## Problem to work on:
Without copying any picture, return all lines below exactly.
[[ Data excerpt open ]]
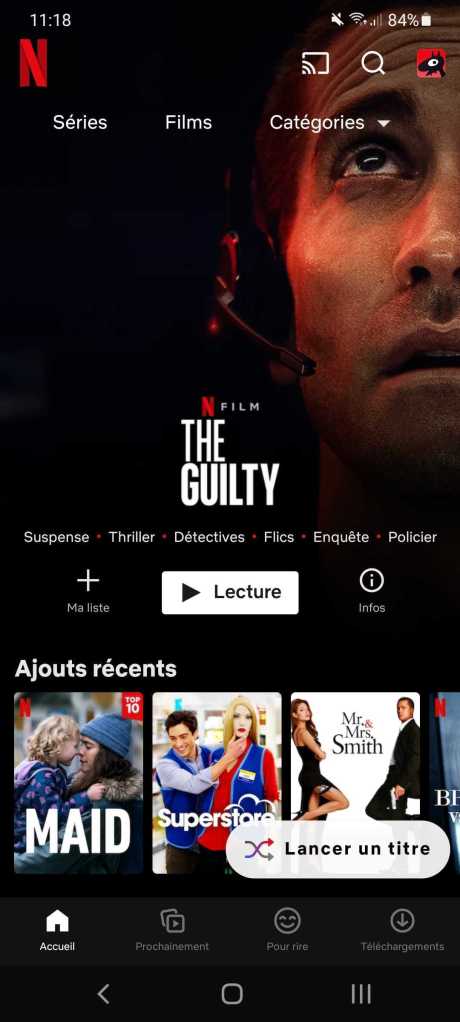 Netflix déploie "Lancer un titre" sur Android // Source : Frandroid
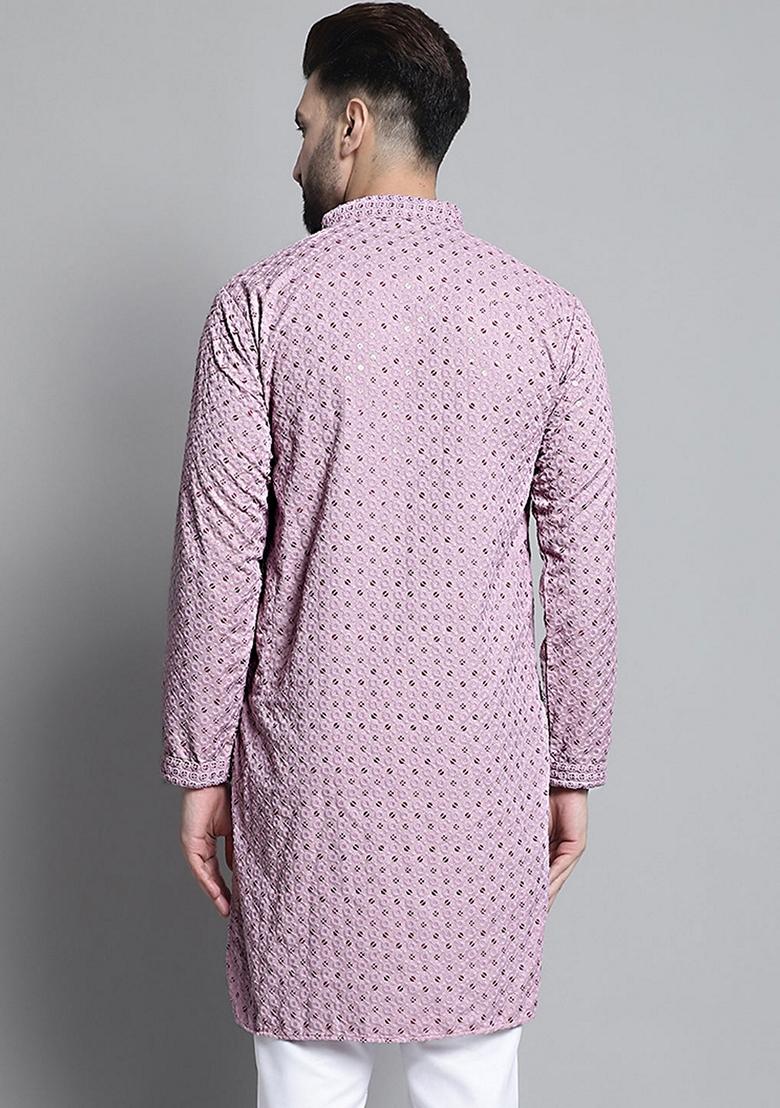Purple Embroidered Cotton Kurta For Men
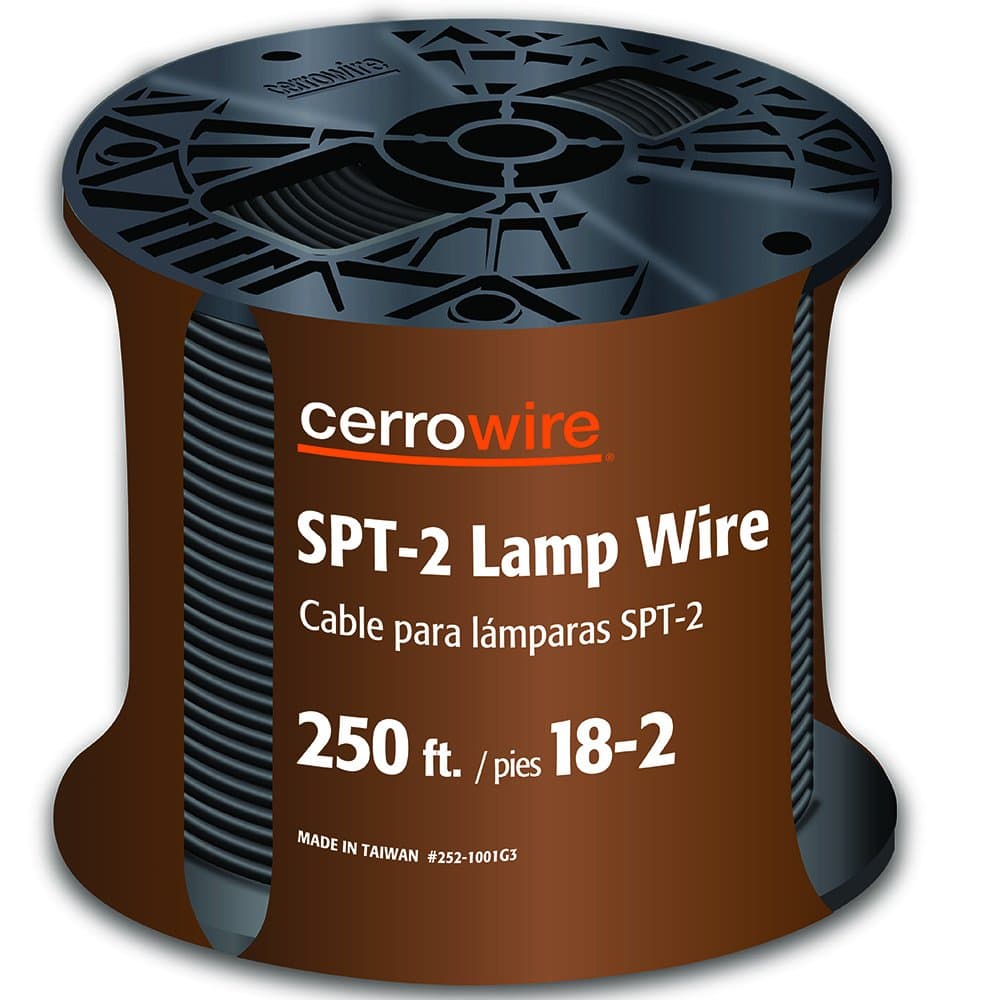 Cerrowire 252-1001G3 250-Feet 18/2 Lamp Cord, Black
[[ Data excerpt closed ]]
## Response to this task:
 Netflix déploie "Lancer un titre" sur Android // Source : Frandroid
Purple Embroidered Cotton Kurta For Men
 Cerrowire 252-1001G3 250-Feet 18/2 Lamp Cord, Black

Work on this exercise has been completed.